**EXERCISE**
Among the lines of the records below, copy those that hold the word "City".

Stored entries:
──────
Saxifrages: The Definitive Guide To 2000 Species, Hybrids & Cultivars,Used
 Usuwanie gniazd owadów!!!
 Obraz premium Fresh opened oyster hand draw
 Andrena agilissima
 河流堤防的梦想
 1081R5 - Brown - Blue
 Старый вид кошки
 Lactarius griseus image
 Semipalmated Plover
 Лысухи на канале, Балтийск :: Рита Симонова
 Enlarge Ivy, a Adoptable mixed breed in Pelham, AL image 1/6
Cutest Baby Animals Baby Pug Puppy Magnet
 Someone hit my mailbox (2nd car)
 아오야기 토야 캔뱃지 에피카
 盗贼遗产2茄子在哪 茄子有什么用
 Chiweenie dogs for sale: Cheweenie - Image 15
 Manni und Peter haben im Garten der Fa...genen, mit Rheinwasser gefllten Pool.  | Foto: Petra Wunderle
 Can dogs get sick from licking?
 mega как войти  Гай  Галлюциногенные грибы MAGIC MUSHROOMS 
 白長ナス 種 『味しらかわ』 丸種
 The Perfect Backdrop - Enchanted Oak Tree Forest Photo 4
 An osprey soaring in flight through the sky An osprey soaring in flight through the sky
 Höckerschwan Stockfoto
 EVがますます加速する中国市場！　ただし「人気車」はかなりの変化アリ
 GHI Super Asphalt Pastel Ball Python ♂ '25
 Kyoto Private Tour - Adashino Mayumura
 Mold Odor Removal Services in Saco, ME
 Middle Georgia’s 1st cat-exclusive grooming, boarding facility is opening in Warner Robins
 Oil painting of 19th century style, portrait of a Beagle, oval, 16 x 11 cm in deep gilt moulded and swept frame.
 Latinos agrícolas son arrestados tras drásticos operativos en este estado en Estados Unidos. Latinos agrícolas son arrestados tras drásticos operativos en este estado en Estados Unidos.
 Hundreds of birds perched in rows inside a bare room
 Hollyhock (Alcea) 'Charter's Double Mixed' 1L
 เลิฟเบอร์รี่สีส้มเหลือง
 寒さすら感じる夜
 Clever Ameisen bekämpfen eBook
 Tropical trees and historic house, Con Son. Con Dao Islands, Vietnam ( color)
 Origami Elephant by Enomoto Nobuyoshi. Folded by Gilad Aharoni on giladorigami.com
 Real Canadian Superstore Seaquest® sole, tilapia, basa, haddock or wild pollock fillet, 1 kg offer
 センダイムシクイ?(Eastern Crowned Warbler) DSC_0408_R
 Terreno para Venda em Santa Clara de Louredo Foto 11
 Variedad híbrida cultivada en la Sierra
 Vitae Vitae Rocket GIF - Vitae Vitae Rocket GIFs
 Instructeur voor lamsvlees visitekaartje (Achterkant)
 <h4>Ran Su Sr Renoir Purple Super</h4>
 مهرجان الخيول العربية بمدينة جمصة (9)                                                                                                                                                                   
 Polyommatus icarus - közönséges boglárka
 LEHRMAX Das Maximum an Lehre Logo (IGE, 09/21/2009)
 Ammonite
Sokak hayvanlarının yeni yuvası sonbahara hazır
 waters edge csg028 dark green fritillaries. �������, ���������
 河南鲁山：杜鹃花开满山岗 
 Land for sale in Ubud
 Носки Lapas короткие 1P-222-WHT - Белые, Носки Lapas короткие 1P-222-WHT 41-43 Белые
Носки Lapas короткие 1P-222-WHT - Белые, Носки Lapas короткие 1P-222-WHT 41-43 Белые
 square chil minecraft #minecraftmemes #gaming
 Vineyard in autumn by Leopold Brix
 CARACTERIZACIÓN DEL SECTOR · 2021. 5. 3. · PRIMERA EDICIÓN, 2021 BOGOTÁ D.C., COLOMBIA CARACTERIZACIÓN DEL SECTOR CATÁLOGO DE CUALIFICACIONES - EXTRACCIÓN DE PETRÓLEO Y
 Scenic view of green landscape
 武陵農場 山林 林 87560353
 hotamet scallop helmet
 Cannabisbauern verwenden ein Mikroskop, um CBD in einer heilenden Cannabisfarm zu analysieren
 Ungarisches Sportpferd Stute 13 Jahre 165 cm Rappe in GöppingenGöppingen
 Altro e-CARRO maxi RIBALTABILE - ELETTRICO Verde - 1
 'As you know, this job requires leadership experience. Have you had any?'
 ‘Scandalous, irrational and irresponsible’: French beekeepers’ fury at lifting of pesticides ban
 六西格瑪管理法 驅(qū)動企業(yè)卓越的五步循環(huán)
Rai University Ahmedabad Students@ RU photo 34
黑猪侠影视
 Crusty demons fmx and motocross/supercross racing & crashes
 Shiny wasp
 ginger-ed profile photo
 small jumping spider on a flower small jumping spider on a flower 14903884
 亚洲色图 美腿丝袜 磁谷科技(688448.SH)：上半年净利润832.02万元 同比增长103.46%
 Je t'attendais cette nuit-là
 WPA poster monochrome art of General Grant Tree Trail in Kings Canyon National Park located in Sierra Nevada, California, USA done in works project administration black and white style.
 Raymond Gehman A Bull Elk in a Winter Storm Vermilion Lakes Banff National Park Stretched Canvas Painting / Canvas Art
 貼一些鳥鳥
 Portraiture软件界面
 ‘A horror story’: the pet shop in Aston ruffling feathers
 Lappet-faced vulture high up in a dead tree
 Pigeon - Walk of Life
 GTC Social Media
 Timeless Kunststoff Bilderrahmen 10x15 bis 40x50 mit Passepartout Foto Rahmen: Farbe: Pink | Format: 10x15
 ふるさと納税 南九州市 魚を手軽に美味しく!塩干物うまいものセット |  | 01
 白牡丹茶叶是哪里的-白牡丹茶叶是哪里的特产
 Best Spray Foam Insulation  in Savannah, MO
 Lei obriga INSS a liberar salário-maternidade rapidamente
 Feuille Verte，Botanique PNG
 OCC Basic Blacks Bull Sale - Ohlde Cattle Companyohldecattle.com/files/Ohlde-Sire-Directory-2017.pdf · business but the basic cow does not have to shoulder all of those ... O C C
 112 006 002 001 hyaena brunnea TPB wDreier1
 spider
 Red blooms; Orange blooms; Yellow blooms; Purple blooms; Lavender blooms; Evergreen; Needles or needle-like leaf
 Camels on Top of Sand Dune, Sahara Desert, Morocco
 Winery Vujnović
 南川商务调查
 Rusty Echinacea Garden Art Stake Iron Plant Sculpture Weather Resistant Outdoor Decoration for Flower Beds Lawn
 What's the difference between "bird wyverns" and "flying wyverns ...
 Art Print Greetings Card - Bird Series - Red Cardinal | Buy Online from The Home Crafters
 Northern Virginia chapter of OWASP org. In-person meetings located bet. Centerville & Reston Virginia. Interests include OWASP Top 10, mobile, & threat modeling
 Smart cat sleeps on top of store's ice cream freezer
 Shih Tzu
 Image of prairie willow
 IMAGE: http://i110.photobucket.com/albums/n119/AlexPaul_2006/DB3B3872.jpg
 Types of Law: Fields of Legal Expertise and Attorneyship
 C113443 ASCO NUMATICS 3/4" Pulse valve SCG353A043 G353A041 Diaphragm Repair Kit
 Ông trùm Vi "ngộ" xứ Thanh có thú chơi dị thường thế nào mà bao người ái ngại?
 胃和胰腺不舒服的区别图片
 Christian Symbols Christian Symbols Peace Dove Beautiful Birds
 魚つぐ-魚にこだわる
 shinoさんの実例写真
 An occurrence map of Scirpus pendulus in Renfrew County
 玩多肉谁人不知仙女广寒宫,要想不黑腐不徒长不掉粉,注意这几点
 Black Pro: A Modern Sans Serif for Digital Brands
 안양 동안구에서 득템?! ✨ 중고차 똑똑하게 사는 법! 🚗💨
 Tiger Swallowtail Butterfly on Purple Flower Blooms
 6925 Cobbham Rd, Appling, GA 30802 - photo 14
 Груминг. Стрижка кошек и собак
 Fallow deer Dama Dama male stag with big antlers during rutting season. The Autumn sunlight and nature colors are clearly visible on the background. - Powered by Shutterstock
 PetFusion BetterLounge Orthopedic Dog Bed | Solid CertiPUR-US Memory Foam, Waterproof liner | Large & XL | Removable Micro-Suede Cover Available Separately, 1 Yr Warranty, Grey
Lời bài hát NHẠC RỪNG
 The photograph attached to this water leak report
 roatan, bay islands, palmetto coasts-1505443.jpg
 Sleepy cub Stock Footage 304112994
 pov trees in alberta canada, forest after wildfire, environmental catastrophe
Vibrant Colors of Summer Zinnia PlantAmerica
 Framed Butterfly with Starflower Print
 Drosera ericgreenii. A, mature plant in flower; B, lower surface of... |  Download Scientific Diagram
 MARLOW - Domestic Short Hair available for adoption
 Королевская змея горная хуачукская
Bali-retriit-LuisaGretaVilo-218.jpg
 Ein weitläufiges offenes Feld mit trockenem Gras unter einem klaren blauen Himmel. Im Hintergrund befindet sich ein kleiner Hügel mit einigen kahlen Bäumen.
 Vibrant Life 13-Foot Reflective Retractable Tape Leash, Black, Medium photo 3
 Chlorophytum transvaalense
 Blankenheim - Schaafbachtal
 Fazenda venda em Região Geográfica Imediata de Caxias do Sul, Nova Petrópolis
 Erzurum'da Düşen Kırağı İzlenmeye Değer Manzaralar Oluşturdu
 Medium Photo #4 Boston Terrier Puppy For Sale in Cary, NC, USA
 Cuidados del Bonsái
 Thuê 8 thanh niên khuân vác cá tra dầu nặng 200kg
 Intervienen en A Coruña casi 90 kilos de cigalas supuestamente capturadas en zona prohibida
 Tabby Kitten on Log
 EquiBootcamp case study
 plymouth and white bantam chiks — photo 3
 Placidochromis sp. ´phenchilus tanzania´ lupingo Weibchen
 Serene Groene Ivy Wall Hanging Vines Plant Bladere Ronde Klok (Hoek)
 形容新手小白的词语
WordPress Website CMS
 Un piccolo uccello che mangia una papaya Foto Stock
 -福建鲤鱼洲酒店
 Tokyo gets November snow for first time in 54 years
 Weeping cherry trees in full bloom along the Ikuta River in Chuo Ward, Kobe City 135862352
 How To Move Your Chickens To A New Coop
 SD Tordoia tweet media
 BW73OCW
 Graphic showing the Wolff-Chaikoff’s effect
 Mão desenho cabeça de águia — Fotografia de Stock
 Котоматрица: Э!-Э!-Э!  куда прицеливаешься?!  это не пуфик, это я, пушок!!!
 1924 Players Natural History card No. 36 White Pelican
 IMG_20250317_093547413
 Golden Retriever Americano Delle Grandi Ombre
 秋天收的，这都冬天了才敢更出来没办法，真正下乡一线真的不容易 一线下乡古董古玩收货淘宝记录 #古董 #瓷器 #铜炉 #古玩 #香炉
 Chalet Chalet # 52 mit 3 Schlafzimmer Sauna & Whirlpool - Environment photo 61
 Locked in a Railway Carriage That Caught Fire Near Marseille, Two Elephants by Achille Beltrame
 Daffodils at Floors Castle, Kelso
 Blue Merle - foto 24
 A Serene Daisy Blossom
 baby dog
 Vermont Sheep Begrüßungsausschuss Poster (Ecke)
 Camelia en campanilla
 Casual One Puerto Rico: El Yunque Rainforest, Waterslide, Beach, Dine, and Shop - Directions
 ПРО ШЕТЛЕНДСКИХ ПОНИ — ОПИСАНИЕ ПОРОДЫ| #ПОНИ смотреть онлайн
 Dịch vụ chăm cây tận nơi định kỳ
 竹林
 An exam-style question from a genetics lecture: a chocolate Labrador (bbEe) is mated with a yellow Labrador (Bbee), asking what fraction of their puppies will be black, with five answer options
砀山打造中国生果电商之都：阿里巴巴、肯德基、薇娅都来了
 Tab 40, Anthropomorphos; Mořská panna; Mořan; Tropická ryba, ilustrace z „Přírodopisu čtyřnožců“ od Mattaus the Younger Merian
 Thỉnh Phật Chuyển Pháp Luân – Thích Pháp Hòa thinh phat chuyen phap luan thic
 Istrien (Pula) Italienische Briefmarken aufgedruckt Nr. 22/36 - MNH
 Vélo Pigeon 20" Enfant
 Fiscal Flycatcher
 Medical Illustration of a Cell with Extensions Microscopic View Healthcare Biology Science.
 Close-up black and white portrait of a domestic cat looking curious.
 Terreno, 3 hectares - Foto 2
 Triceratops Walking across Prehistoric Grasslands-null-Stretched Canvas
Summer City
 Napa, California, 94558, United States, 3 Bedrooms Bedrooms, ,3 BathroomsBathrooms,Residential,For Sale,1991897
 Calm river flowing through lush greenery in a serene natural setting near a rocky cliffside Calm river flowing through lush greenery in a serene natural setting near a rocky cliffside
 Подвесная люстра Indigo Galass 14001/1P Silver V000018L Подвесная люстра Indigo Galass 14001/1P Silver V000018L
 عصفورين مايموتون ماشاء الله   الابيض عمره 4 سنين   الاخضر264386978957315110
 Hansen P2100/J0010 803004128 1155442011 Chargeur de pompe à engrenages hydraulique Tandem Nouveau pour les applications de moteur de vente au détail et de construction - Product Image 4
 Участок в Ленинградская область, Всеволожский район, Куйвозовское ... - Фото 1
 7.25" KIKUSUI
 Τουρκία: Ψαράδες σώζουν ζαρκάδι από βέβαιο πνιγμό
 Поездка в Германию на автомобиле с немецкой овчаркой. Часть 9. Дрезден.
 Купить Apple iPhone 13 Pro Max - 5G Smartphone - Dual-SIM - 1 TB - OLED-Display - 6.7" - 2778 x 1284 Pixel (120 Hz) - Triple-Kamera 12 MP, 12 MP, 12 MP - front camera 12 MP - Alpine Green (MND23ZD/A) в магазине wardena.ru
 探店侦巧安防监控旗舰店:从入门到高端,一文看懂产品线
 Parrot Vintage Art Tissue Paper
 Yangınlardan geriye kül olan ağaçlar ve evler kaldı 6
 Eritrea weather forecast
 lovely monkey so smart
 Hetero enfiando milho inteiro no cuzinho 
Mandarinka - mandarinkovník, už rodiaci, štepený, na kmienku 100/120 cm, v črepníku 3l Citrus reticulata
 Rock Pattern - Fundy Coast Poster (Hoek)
──────
**SOLUTION FOR THIS PROBLEM**
 Weeping cherry trees in full bloom along the Ikuta River in Chuo Ward, Kobe City 135862352
Summer City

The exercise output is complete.